Not much good for me. Been waiting over 6 months to see a neurosurgeon in order to get onto the waiting list! Could be 12 months more just to get into the queue which could be another 12 months. In the meantime, my “elective” surgery leaves me unable to work, dosed up on pain killers and has put my entire life on hold. I hope some of those 1000 people having body enhancements or other non life halting conditions sleep better knowing others are suffering due to their deep pockets.

Feel your pain, my old mum had two TIA’s (mini strokes) in the space of a couple of months and like you is trying to get into see the neurosurgeon, but appointments are very very hard to come by. All the while she could have another stroke that may well finish her off or leave her needing to go into care.

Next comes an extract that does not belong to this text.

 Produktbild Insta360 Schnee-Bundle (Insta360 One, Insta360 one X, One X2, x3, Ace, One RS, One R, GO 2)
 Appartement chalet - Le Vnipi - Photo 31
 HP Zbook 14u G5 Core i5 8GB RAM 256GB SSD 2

That said what is the solution? Neurosurgeons don’t grow on trees and I am sure you don’t want a orthopaedic surgeon looking after you.

Grimm 12:57 pm 26 Nov 15

Weird. My daughter had elective surgery. Saw the GP, specialist a few days after that, and surgery done the next week….

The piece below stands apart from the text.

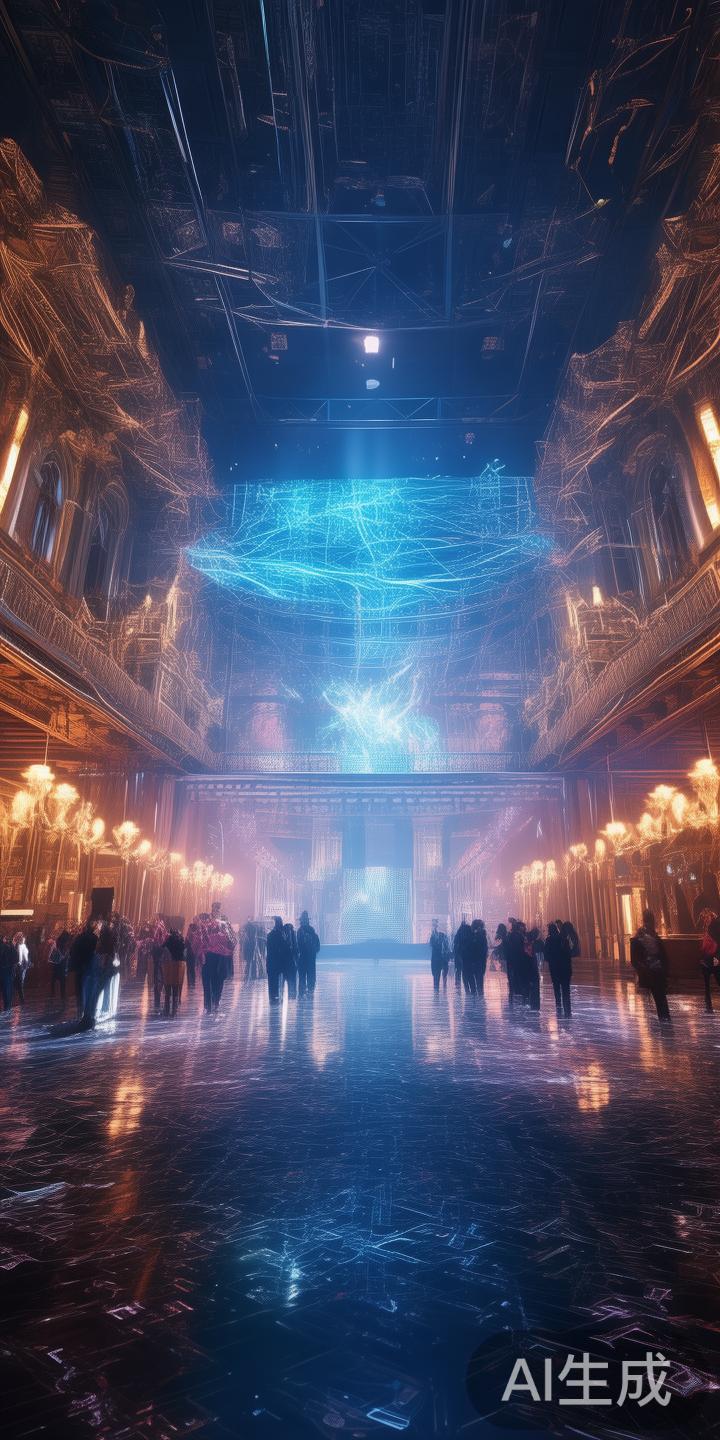 融合创新科技与国际元素创造卓越体验
澳门威尼斯娱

Don’t know what all the fuss is about.

dungfungus 12:55 pm 26 Nov 15

dlenihan said :

A jaded person would probably wonder if there is an election coming up on the next year or so!

I am both jaded and cynical.

watto23 12:06 pm 26 Nov 15

wildturkeycanoe said :

Not much good for me. Been waiting over 6 months to see a neurosurgeon in order to get onto the waiting list! Could be 12 months more just to get into the queue which could be another 12 months. In the meantime, my “elective” surgery leaves me unable to work, dosed up on pain killers and has put my entire life on hold. I hope some of those 1000 people having body enhancements or other non life halting conditions sleep better knowing others are suffering due to their deep pockets.

Could be worse and pay thousands a year into a health fund only to be told if you want to use it you will need to pay a gap of $10-20k or even more. There are definite issues with the health system and no political party is really able to fix it. Also body enhancements are generally not done in the public system by the same surgeons that save lives. I feel for your situation though, I’m not sure that if you put more money into the system whether it would help or just be soaked up in wasted funding.

wildturkeycanoe 8:16 am 26 Nov 15

Not much good for me. Been waiting over 6 months to see a neurosurgeon in order to get onto the waiting list! Could be 12 months more just to get into the queue which could be another 12 months. In the meantime, my “elective” surgery leaves me unable to work, dosed up on pain killers and has put my entire life on hold. I hope some of those 1000 people having body enhancements or other non life halting conditions sleep better knowing others are suffering due to their deep pockets.

rommeldog56 7:58 pm 25 Nov 15

Great to hear, but its just as well there is an election coming up isn’t it. One wouldn’t want to go to the people with that surgery backlog weighting one down.

Next thing u know, all the grass around town will be cut too……….

dlenihan 6:19 pm 25 Nov 15

A jaded person would probably wonder if there is an election coming up on the next year or so!